Remember as the invasion of Iraq was about to begin, when the Bush administration decided to seriously enforce a Pentagon ban, in existence since the first Gulf War, on media coverage and images of the American dead arriving home at Dover Air Force Base in Delaware?  In fact, the Bush-era ban did more than that.  As the  Washington Post’s Dana Milbank  wrote then, it “ended the public dissemination of such images by banning news coverage and photography of dead soldiers' homecomings on all military bases.” 

For those whose lives were formed in the crucible of the Vietnam years, including the civilian and military leadership of the Bush era, the dead, whether ours or the enemy’s, were seen as a potential minefield when it came to antiwar opposition or simply the loss of public support in the opinion polls.  Admittedly, many of the so-called lessons of the Vietnam War were often based on half-truths or pure mythology, but they were no less powerful or influential for that. 

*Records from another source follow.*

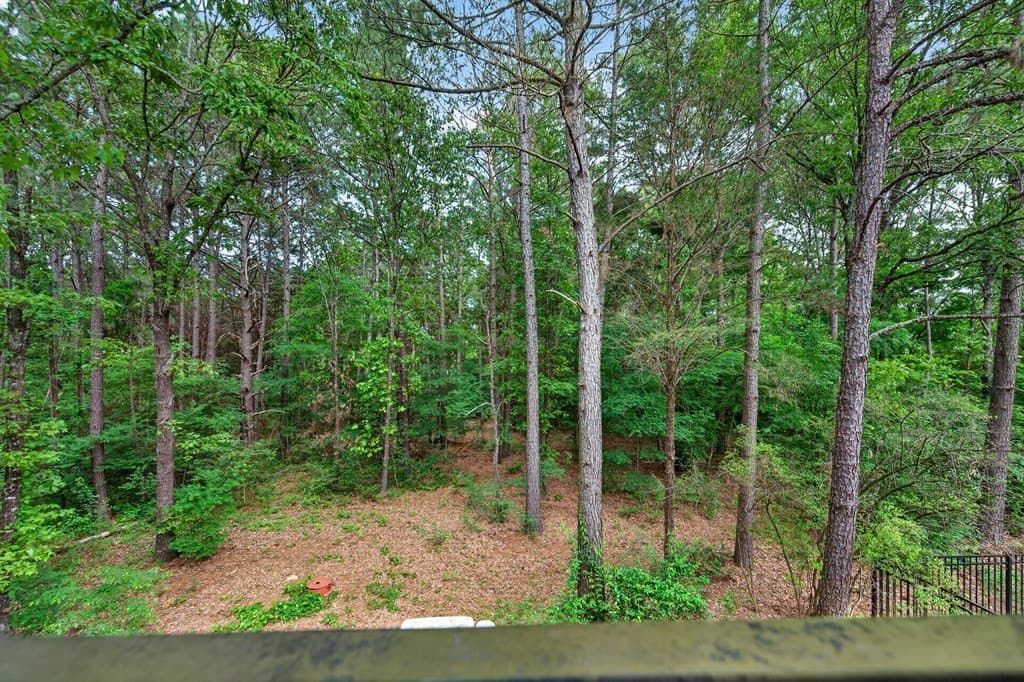 9.35 acres in HENDERSON County - photo 47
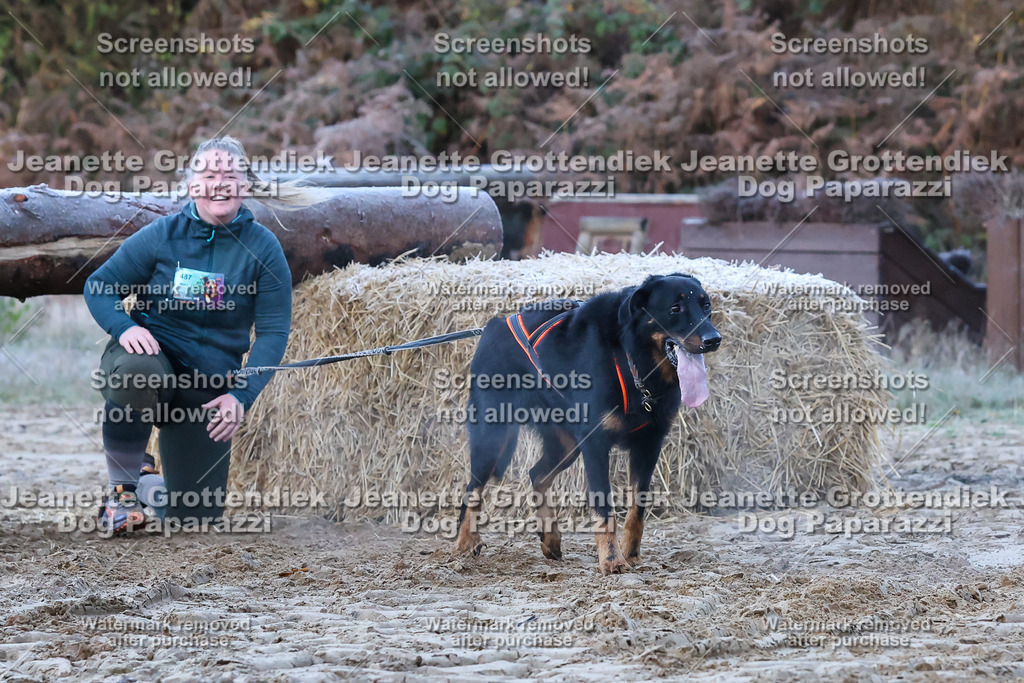 Dog Paparazzi - Strongdog 10-25-199 | Dog Paparazzi Jeanette Grottendiek Fotografie & Videografie - Realisiert mit Pictrs.com
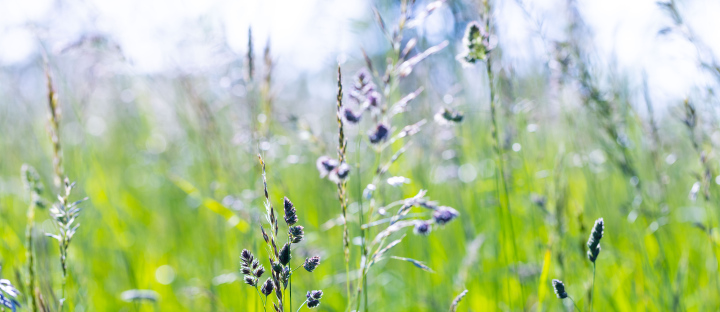 Wilde, natürliche Wiese, Stock Foto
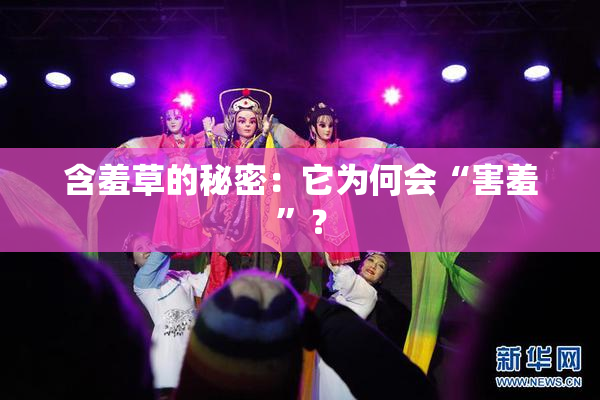 含羞草的秘密：它为何会“害羞”？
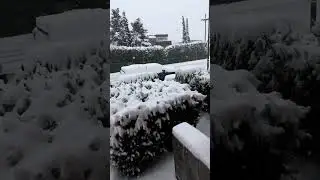 Vancouver BC in the grip of Snow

In the Vietnam years, the Pentagon had, for instance, been stung by the thought that images of the American dead coming home in body bags had spurred on that era’s huge antiwar movement (though, in reality, those images were rare).  Nor were they likely to forget the effect of the “body count,” offered by U.S. military spokesmen in late afternoon press briefings in Saigon, the South Vietnamese capital.  Among disillusioned reporters, these became known as "the Five O'clock Follies."  They were supposedly accurate counts of enemy dead, but everyone knew otherwise.  

In a guerrilla war in which the taking of territory made next to no difference, the body count was meant as a promissory note against future success.  As it became apparent that there would be no light at the end of the tunnel, however, that count began to look ever more barbaric to growing numbers of Americans.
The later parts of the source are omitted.